Another blog yesterday also cited an anonymous source in saying that a SAN upgrade project allegedly involved in the outage was outsourced to Hitachi, but did not identify the brand of SAN involved. Multiple HDS spokespeople have not returned phone calls and emails seeking comment since yesterday.
A Microsoft spokesperson made the following comment for Storage Soup:
I can clarify that the Sidekick runs on Danger’s proprietary service that Microsoft inherited when it acquired Danger in 2008. The Danger service is built on a mix of Danger created technologies and 3rd party technologies. However, other than that we do not have anything else to share right now.
It actually may not matter at the end of the day whose SAN it was — it seems it was human error (or, as the RoughlyDrafted blog goes on to speculate, possible sabotage) responsible for the outage. The RoughlyDrafted blog goes on to claim:
A variety of ”dogfooding“ or aggressive upgrades could have resulted in data failure, the source explained, ”especially when the right precautions haven’t been taken and the people you hired to do the work are contractors who might not know what they’re doing.“ The Oracle database Danger was using was ”definitely one of the more confusing and troublesome to administer, from my limited experience.

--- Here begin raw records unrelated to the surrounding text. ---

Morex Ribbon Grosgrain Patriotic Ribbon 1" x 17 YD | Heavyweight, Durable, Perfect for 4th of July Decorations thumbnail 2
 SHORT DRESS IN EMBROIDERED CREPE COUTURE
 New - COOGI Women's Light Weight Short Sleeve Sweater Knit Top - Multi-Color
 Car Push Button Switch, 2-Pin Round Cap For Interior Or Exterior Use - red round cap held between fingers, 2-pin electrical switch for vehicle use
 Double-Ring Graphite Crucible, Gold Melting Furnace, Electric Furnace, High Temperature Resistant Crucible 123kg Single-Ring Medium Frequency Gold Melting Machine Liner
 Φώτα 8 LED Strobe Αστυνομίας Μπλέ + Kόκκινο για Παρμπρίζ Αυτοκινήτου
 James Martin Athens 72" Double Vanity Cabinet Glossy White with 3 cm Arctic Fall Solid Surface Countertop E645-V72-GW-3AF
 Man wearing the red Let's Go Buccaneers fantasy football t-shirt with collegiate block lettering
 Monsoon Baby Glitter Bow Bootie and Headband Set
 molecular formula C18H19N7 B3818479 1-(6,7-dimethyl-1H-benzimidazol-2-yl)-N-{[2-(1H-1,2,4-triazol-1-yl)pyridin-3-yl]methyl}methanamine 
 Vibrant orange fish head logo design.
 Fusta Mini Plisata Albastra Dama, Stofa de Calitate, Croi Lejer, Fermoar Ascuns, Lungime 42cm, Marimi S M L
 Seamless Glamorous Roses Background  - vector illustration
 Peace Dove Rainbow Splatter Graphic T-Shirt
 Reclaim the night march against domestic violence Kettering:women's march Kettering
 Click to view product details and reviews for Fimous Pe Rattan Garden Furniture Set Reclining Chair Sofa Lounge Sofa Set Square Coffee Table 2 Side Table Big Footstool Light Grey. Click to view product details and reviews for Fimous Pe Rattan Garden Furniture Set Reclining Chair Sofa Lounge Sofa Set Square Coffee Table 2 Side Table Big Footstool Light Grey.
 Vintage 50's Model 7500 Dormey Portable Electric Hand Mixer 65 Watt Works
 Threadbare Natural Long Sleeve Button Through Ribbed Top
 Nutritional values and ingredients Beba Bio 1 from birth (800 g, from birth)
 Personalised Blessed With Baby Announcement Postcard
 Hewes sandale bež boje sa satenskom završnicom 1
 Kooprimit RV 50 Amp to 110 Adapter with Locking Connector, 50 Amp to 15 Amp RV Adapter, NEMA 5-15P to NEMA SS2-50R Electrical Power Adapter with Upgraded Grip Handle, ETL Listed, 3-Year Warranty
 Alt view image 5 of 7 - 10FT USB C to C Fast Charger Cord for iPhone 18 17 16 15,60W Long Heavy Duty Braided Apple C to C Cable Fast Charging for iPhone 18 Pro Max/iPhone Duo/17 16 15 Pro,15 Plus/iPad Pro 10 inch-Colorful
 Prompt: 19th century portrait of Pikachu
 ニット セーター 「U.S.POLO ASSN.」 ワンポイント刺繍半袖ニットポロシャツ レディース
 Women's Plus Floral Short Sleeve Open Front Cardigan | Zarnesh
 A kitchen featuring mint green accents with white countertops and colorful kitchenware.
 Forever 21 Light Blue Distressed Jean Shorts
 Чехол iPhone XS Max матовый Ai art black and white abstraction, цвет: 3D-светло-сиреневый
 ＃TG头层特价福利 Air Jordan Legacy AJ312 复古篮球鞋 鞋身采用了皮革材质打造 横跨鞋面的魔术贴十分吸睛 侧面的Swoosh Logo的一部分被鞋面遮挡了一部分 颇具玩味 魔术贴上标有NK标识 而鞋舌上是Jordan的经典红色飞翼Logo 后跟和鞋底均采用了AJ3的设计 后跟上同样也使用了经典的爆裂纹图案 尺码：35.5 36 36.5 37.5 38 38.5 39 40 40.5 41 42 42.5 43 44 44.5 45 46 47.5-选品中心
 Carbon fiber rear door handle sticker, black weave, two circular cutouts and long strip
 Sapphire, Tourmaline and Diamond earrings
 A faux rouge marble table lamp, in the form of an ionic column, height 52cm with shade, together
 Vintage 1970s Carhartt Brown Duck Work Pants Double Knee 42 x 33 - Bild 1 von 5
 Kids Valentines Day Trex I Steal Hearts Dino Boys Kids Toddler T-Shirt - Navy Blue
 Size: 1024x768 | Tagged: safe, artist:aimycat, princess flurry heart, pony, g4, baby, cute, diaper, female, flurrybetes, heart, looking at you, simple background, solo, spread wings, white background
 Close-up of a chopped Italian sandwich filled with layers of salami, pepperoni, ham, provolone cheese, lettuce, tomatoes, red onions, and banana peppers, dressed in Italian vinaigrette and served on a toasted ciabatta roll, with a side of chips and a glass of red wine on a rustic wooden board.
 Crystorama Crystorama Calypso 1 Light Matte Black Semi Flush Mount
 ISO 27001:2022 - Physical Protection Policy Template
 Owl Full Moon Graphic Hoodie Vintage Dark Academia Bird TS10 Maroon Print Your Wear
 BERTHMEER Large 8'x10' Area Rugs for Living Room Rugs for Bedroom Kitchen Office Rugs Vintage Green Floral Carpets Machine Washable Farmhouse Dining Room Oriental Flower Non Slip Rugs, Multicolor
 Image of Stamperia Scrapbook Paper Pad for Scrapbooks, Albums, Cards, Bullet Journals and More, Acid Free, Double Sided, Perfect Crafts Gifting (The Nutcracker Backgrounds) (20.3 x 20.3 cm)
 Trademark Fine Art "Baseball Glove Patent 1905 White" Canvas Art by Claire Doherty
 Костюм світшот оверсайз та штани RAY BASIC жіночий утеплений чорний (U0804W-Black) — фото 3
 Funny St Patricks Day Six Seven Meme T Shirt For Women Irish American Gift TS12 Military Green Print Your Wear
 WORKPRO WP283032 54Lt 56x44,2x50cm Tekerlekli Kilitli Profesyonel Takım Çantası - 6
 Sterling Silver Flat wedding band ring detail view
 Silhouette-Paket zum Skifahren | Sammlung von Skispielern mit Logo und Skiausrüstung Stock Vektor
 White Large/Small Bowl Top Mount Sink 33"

It’s entirely possible that they weren’t backing up the ’single copy’ of the database properly, despite the redundant SAN and redundant servers.“
“Just because there may have been an error during a SAN upgrade doesn’t mean the guy’s an idiot or that the storage vendor’s stuff doesn’t work. The fundamental question here is where are the backups?” said backup expert W. Curtis Preston.
This remains an open question as of this hour, as a new statement issued by T-Mobile suggests there may be some data that’s recoverable– “We…remain hopeful that for the majority of our customers, personal content can be recovered.”
A New York Times report released this week cited a T-Mobile official as saying data on the Sidekick server and its backup server were corrupted.
But it also can’t be assumed that thorough secondary copies of data were made by the cloud service. Slightly higher-end online PC backup services like Carbonite and SpiderOak, previously questioned about geographic redundancy available for their services should their primary data centers fail (this following a high-profile outage and lawsuit for Carbonite–where users experienced data loss), have cited costs and pricing pressures as reasons for not offering that level of redundancy for consumer customers.
Another important point in all this is that users might not be losing data if they synced data to their PCs as well as the cloud. T-Mobile offers an IntelliSync service for a fee to sync data between the Sidekick and the PC; there are also free synchronization clients available online. Users would’ve had to have those services in place prior to the outage, however.
“The bottom line is that a free cloud service shouldn’t be your only copy of data,” Preston said.